In the early 1980s, Atkinson et al. (1982) developed an empirical SAR for estimating rate coefficients that relies on base rate coefficients modified for substituents in the immediate environment of the reactive site. This approach has been widely adopted, together with several variants, owing to its many advantages including its ease of use, its site-specificity and the fidelity with which it often reproduces the rate coefficients. This approach is, however, not without its challenges. Multiple functionalities can interact to influence the reactivity non-additively (steric effects, H-bonding, site-specific reactivity, etc.), and training data to derive higher-order parameters describing these cooperative effects are typically not abundantly available. As a result, large uncertainties still remain in all SARs. Even when a VOC is expected to be oxidized by “conventional chemistry”, automated oxidation mechanisms can have significant cumulative uncertainties in the product spectrum, and SARs often do not work well for even the initial OH abstraction or addition reactions (Kwok and Atkinson, 1995; Jenkin et al., 2018). Novel concepts or strategies may help to tackle this problem to provide workable, although not necessarily simple, SAR models. One such strategy is to incorporate procedurally generated a priori descriptions of substitutions, which may lead to a more robust estimation method, as discussed in McGillen et al. (2024).

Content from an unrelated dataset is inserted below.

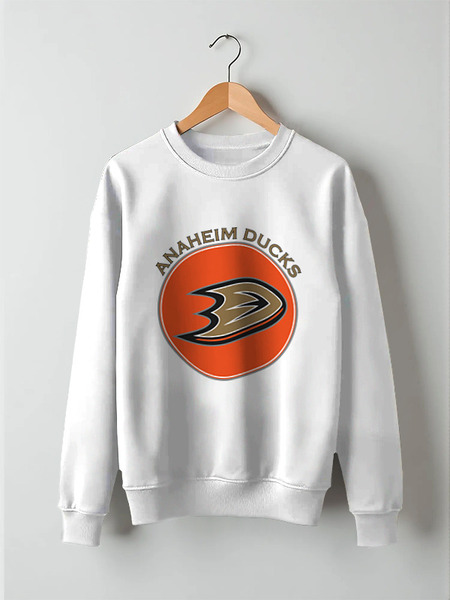 Заказать свитшот в Москве. Свитшот унисекс хлопковый Anaheim Ducks от kspsshop - готовые дизайны и нанесение принтов.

Another area of research is the use of more and/or different molecular descriptors, where pure molecular descriptors (e.g., number of atoms, bonding and positioning of substituents, hydration effects) are supplemented with computational descriptors (e.g., fingerprints, Wiener or Randić indices, topological indices, Fukui indices, wave function hardness/softness, or electro-topological state). The latter are derived from the molecular wave function, typically calculated using an inexpensive methodology (semi-empirical or molecular modeling tools). Another approach that is receiving increased attention is abandoning the traditional SAR setup as a parameterized set of simple equations in favor of the more versatile mathematical models used in machine learning, such as neural networks. Both these approaches make the resulting SAR harder to interpret by a human and may even appear to be black-box approaches. Therefore, the improved predictive power of such methods needs to be balanced against the potential for inadvertently generating incorrect predictions by extrapolating reactivity trends beyond their scope of applicability.

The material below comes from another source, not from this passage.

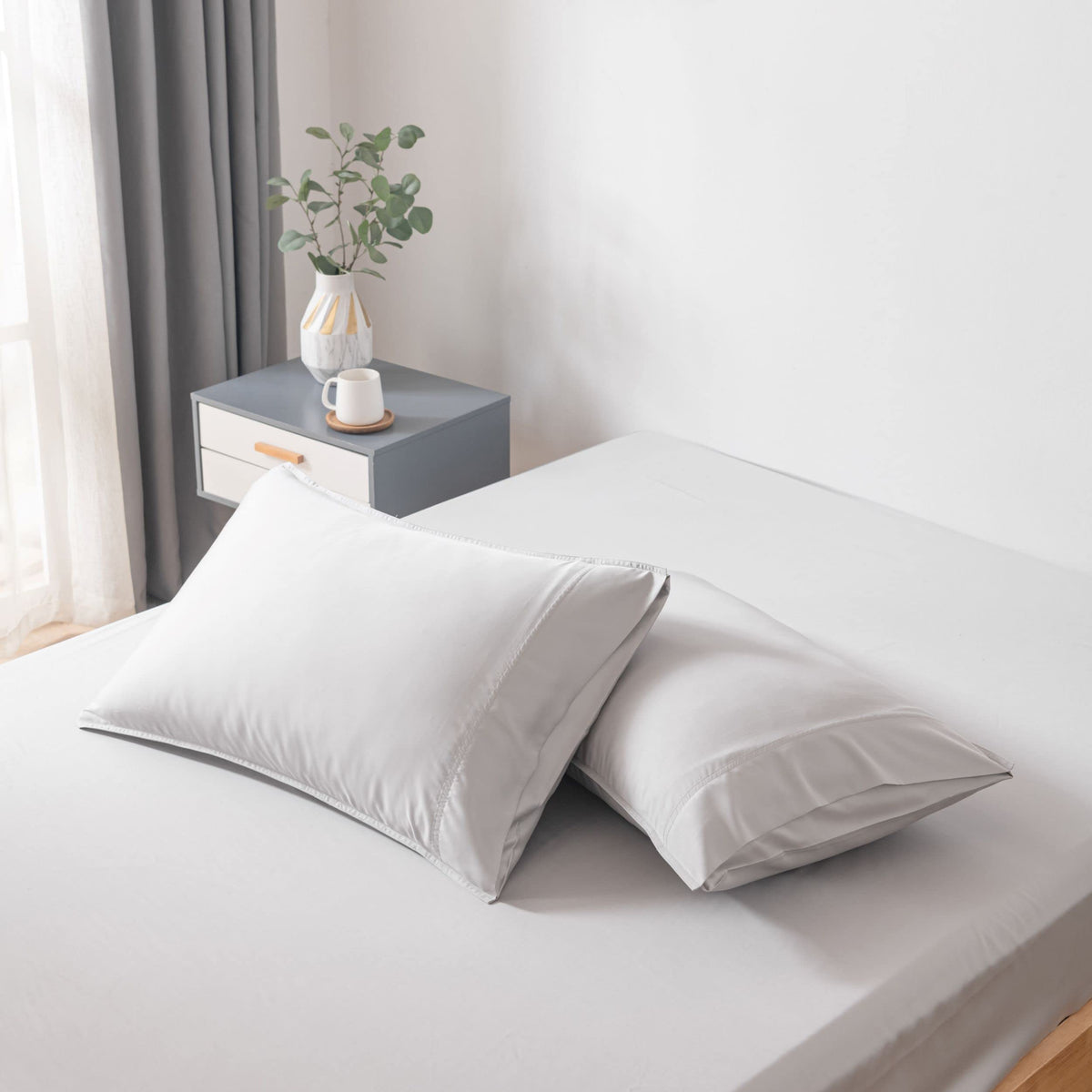 Pillowcase, Bamboo Sets, Lightweight Design, Hypoallergenic Comfort for Guest Rooms and Daily Bedroom Comfort, 3 Sizes and 18 Colors image 1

Contrary to a decade ago, when SARs were primarily developed based on experimental data, current SAR development aims to combine experimental and theoretical data. A particular strength of theoretical studies is that they are well-suited to probe systematic molecular variations; even if absolute accuracy is not achieved, reactivity trends may still be apparent. The use of theoretical studies has opened up new possibilities for the development of SARs for radicals and other unstable intermediates, such as alkoxy and peroxy radicals or Criegee intermediates. In addition, the use of high-level quantum chemical calculations has recently been extended to derive photolysis data (i.e., absorption cross sections and quantum yields) of atmospherically photolabile species, which have previously been difficult to measure (Prlj et al., 2022; Janoš et al., 2023).

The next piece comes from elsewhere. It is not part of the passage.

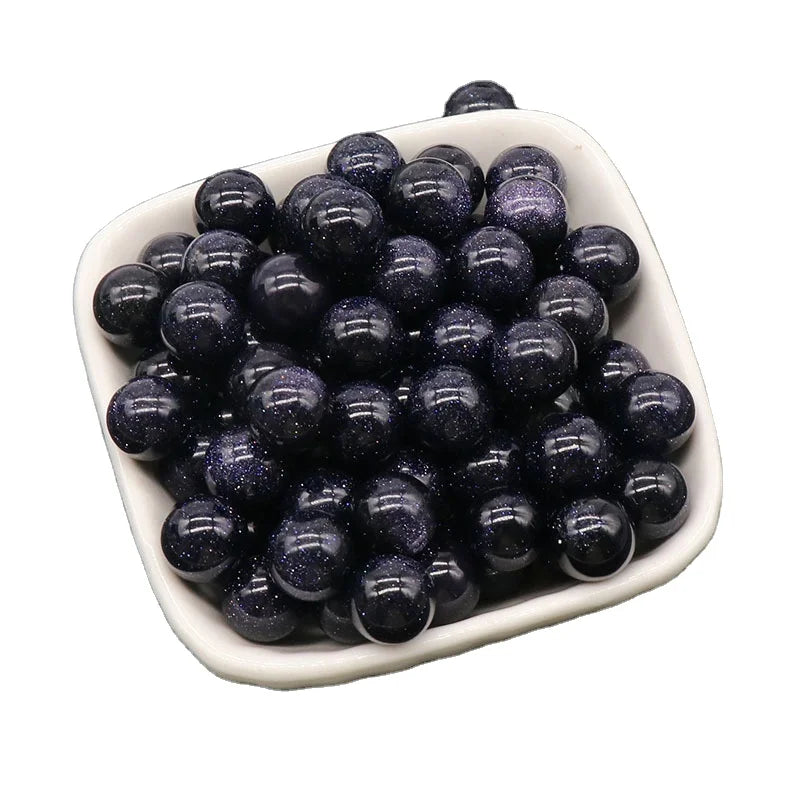 Wholesale 8\10\12\16\18\20mm Natural Blue Goldstone Crystal Stone No Hole Round Loose Bead for Diy Jewelry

The abundance, variety and role of multifunctional compounds in both the gas and aqueous phases pose another problem for SARs since there are insufficient training data available to cover the combinatorially high number of possible compounds. The combinatorics also makes systematic studies to derive sufficient training data challenging, for both experimental and theoretical reasons. Novel approaches such as machine learning may help to focus explicit studies on those compounds that have the highest benefit for SAR development.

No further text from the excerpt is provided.